> **TO DO**
Below are some records. Retype exactly the lines from the one containing "Bushido Code - The Samurai Waycode" through the one containing "Selamat Datang Siswa", both included, skipping every picture.

> **STORED DATA**
Start of Block

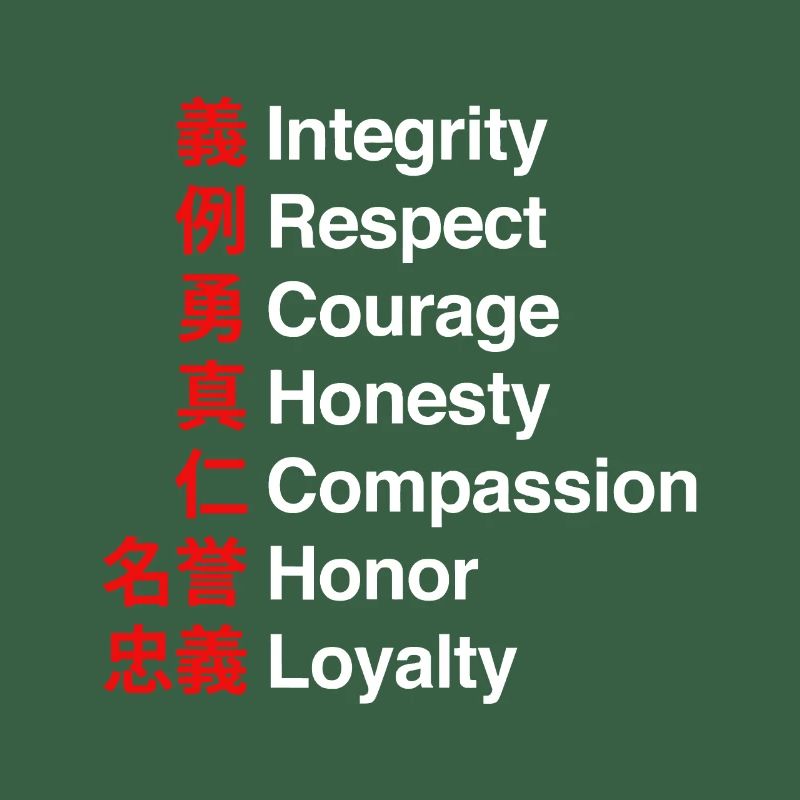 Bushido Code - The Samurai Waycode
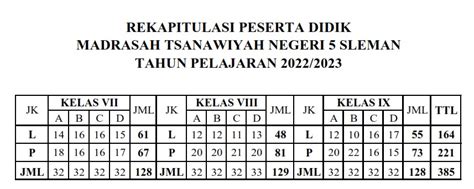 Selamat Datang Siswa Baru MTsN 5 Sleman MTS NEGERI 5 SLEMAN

End of Block
Start of Block

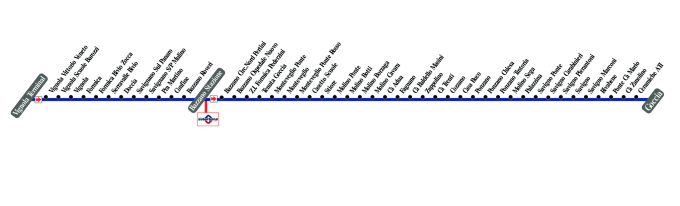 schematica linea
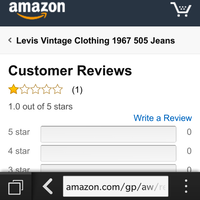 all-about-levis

End of Block

> **RESULT FOR THIS EXERCISE**
 Bushido Code - The Samurai Waycode
 Selamat Datang Siswa Baru MTsN 5 Sleman MTS NEGERI 5 SLEMAN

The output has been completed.